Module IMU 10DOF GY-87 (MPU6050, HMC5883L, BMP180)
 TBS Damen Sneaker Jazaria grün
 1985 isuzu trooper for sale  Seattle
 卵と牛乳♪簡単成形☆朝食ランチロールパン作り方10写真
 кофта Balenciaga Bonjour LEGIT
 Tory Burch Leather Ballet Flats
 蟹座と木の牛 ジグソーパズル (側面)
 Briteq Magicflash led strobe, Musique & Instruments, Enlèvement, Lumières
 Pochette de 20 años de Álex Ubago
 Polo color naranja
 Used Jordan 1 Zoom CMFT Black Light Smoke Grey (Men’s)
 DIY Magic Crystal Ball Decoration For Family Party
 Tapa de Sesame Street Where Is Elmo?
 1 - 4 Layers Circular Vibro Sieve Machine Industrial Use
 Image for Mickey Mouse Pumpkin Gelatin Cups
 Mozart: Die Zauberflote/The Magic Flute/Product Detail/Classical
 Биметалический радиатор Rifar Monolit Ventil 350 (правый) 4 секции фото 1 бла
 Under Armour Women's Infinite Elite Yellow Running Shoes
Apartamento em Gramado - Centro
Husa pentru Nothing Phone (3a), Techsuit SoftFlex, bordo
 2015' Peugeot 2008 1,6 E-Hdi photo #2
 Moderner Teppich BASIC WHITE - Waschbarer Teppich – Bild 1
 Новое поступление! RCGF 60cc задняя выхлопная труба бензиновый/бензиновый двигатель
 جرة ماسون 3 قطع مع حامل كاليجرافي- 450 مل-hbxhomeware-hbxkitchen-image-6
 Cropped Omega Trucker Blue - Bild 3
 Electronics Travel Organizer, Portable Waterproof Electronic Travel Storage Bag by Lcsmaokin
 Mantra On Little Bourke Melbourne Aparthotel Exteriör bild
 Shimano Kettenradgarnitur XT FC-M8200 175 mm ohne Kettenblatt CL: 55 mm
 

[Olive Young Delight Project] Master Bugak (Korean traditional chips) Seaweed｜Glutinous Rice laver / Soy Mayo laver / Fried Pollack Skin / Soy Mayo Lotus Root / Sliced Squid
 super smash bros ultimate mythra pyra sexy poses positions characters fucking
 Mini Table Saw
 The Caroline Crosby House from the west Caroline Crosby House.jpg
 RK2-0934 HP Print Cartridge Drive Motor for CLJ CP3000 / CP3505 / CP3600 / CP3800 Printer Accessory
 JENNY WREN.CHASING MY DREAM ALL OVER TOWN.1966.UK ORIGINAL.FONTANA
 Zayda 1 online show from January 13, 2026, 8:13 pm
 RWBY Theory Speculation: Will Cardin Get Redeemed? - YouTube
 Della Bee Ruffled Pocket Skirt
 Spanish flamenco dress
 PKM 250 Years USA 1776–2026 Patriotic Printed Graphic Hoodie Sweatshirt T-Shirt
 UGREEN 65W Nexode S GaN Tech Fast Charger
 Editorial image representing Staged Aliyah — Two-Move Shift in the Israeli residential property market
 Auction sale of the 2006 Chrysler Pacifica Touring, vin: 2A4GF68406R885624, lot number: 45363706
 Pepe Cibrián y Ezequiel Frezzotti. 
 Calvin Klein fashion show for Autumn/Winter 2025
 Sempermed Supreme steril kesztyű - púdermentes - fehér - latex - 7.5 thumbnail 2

━━━━━━━━━━

_Problem statement_:
Each line of the material with the word "sale" in it should be listed.

_Result of this task_:
 1985 isuzu trooper for sale  Seattle
 Auction sale of the 2006 Chrysler Pacifica Touring, vin: 2A4GF68406R885624, lot number: 45363706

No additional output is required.